Once Authenticated from IP or STS, application receives the secured token along with Claims and they will be serialized to store in cache or cookie along with application specific claims to avoid the processing to application specific claims again and again.

Cookie in ASP.NET and WS-SecureConversation in WCF can be used as storage for claims.

var sam = FederatedAuthentication.SessionAuthenticationModule;
if (sam != null)
{
       var token = new SessionSecurityToken(ClaimsPrincipal.Current, TimeSpan.FromHours(8));
       sam.WriteSessionTokenToCookie(token);
}

Implement Authorization

Once user is authorized, its application responsibility to perform the Authorization, WIF provided ClaimsAuthorizationManager is base class to perform the authorization in the application, all you need is to derive an implementation of it.

ClaimsAuthorizationManager provides the centralized and decoupled authorization for application. Authorization can be perform based on User making a request, a resource being accessed or any action being performed.

public class CustomClaimsAuthorization : ClaimsAuthorizationManager
{
    public override bool CheckAccess(AuthorizationContext context)
    {
           var user = context.Principal;
           var resource = context.Resource.First().Value;
           var action = context.Action.First().Value;
           if (resource == "Customer" && action == "Add")
           {
	      return user.HasClaim(ClaimTypes.Role, "Sales");
           }
           return base.CheckAccess(context);
    }
}

Federation

In federation applications are decoupled from authentication and Federation Provider (IP or STS) is responsible to manage the identity and issues the claims which are requested/application for application (relying party). Because application trust the IP for identity, in certain scenario, it is also possible that an IP itself rely on another IP for authentication. This facilitate SSO between multiple application if they trust the claims issued from a IP or STS.

What is behind WIF

There are few basic components which makes all the magic behind WIF.
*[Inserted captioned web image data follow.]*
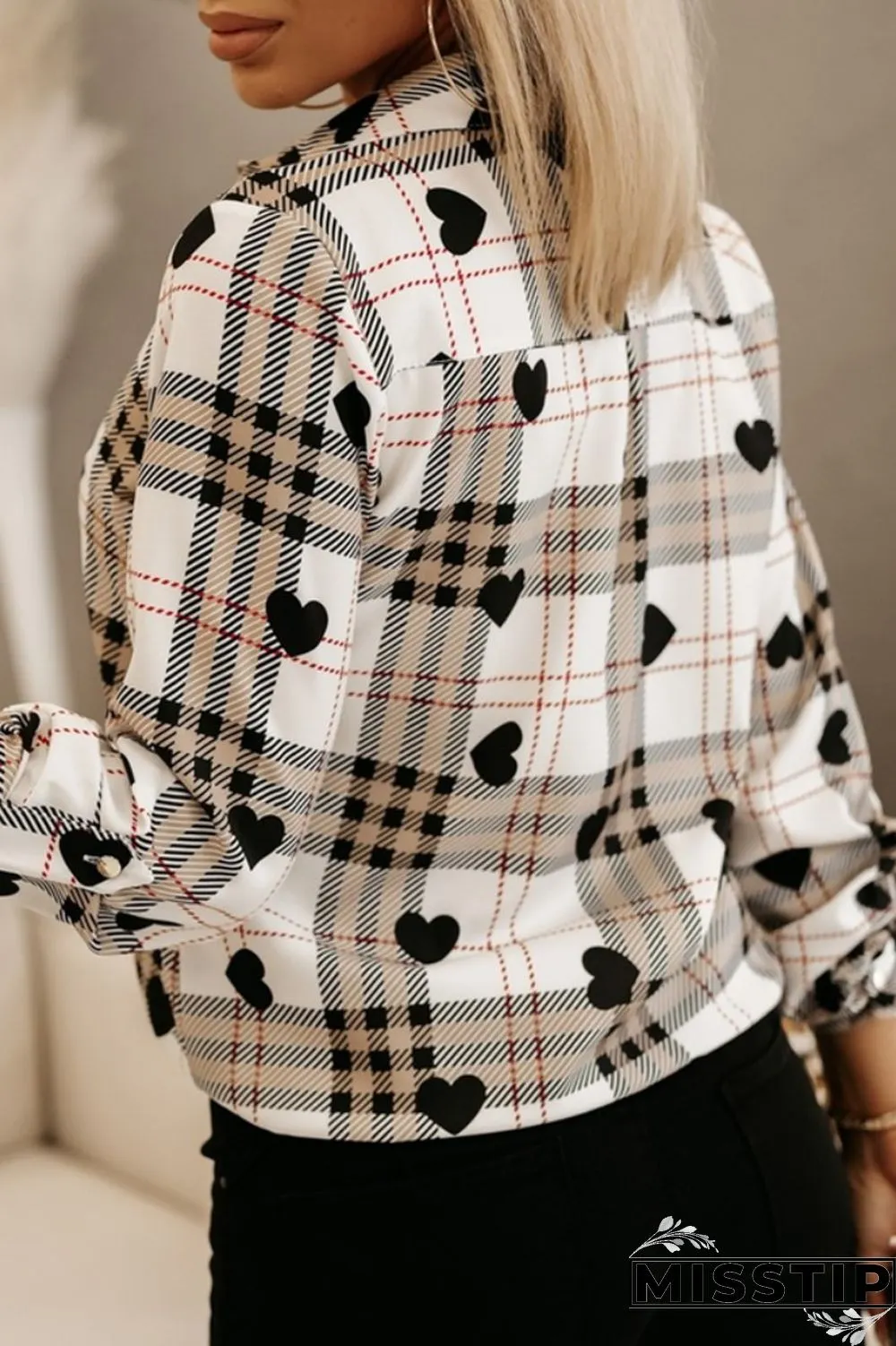 Khaki Casual Print Patchwork Shirt Collar Tops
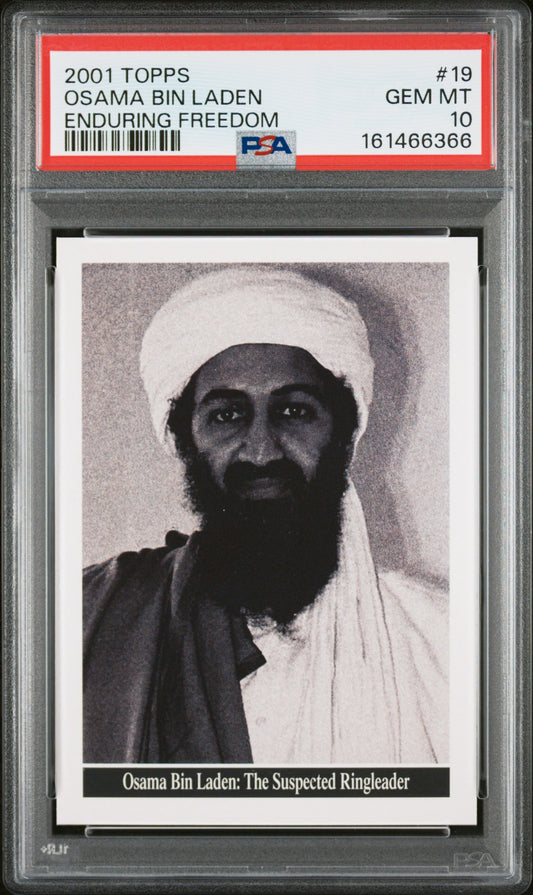 PSA 10 - Osama Bin Laden #19 2001 TOPPS Enduring Freedom x367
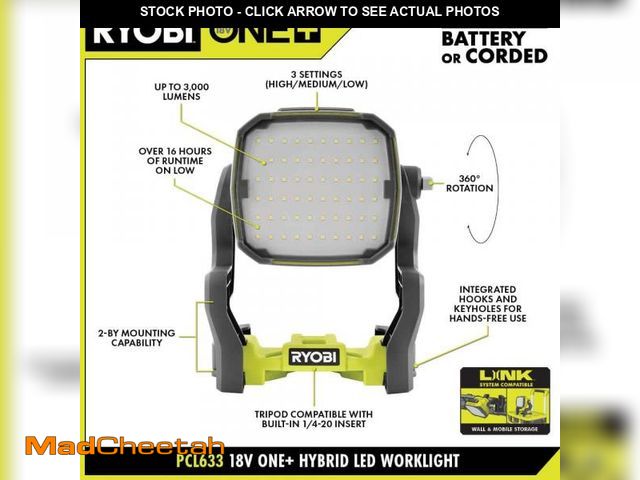 Lot 74-12087145 - RYOBI ONE+ 18V Hybrid LED Work Light (Tool Only) - USED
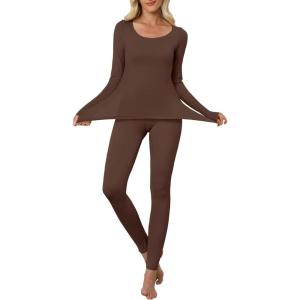 ANRABESS Women Lightweight See Through Sexy Thermal Underwear Sets Fall Ultra Stretchy 2 Piece Pajamas Lounge Basic Layer Set(Coffee)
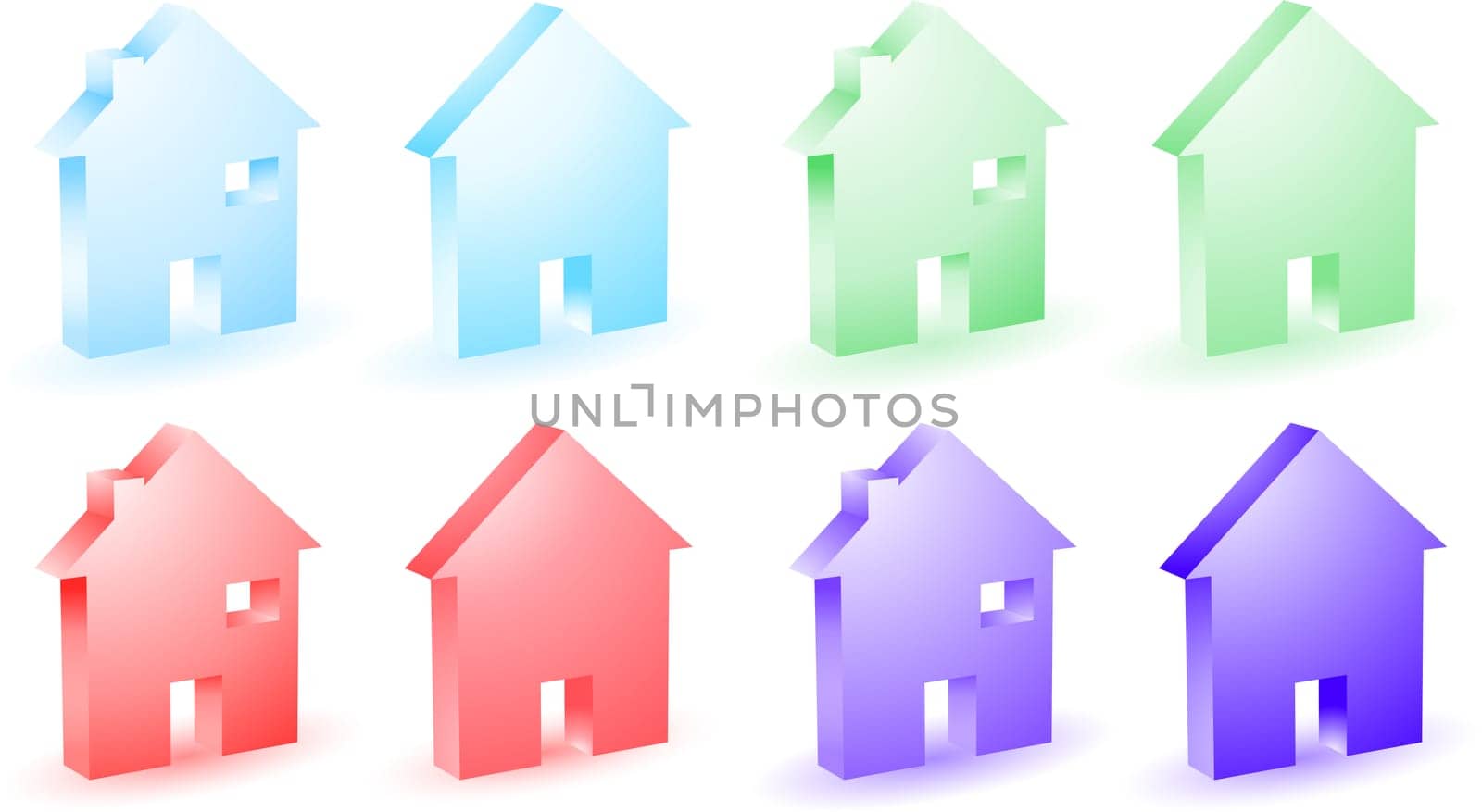 Different coloured house icons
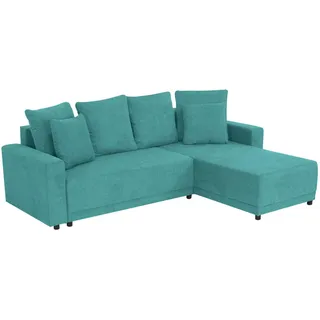 Mid.you Ecksofa , Petrol , Textil , Uni , Füllung: Schaumstoff,Schaumstoff , L-Form, einmalig seitenverkehrt montierbar , 248x178 cm , Made in Eu , Liegefunktion, Rücken echt , Wohnzimmer, Sofas & Couches, Wohnlandschaften, Ecksofas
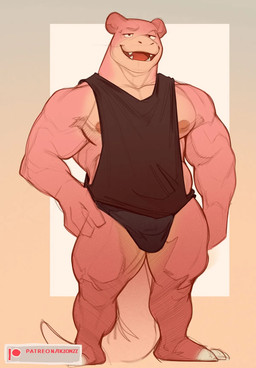 anthro anthrofied calf_muscles clothing looking_at_viewer male muscular muscular_anthro muscular_male nipples pink_body pokemorph shirt solo tail tank_top topwear underwear ekzonzz nintendo pokemon generation_1_pokemon pokemon_(species) slowpoke hi_res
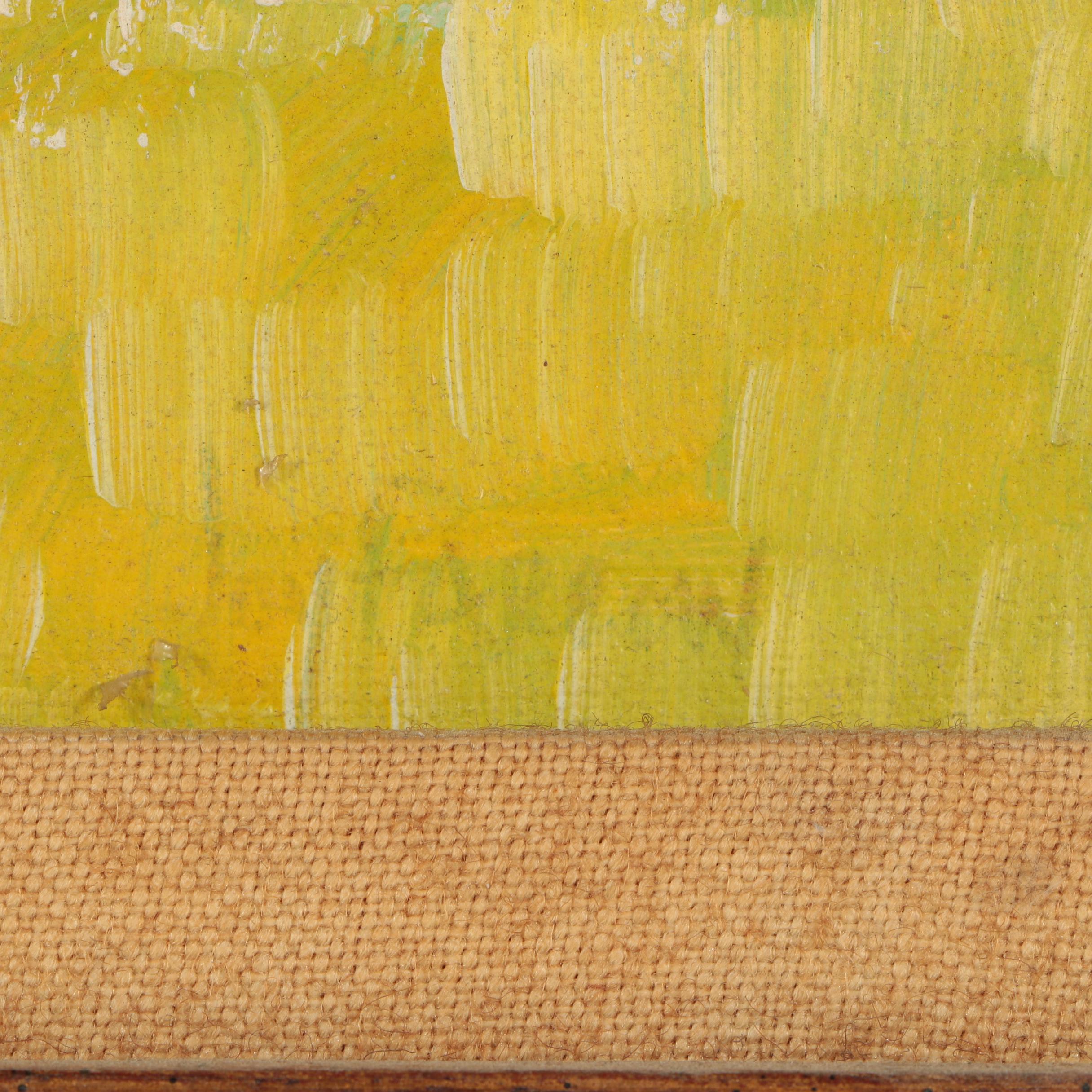 Farron Late 20th Century Oil Painting of Girl Standing in a Golden Field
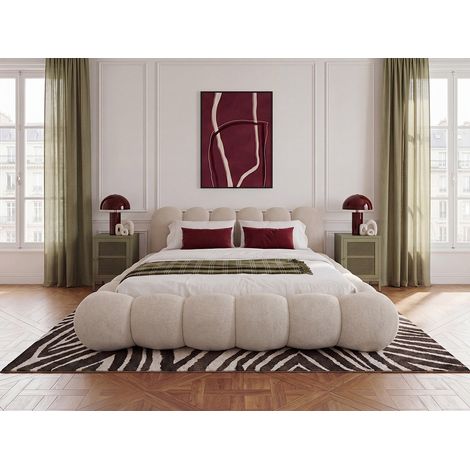 BOBOCHIC - Lit bas BOBBY tissu chiné 160x200 Beige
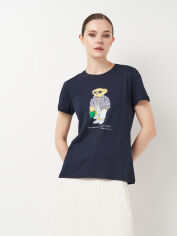 Акція на Футболка бавовняна жіноча Polo Ralph Lauren 11477.3 XL Темно-синя від Rozetka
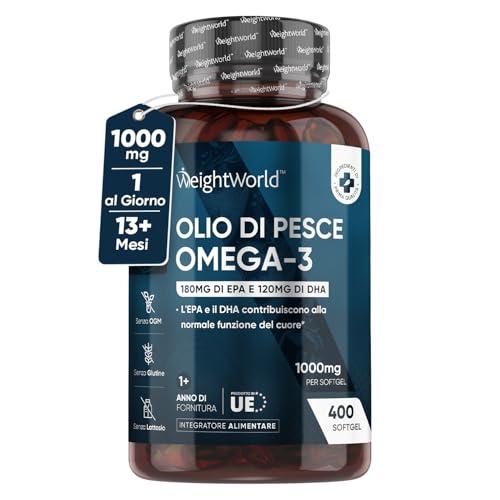 Omega 3 Olio di Pesce 400 Softgel (1+ Anno) Omega3 Senza Retrogusto, Cuore, Vista, Funzione Cerebrale, Fonte di Acidi Grassi Essenziali, Olio di Pesce Omega 3 Alto Dosaggio EPA DHA, Omega 3 1000mg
Federation Metadata – This is a XML file which contains the entire security requirement that a client application needs to know to a build a trust; this includes security protocol you expect, which claims your application requires and so on.

WSFederationAuthenticationModule – Often called as WSFAM, provides most of the functionality, like intercepting request and redirect unauthenticated requests to identity providers and processing of incoming tokens at sign in time.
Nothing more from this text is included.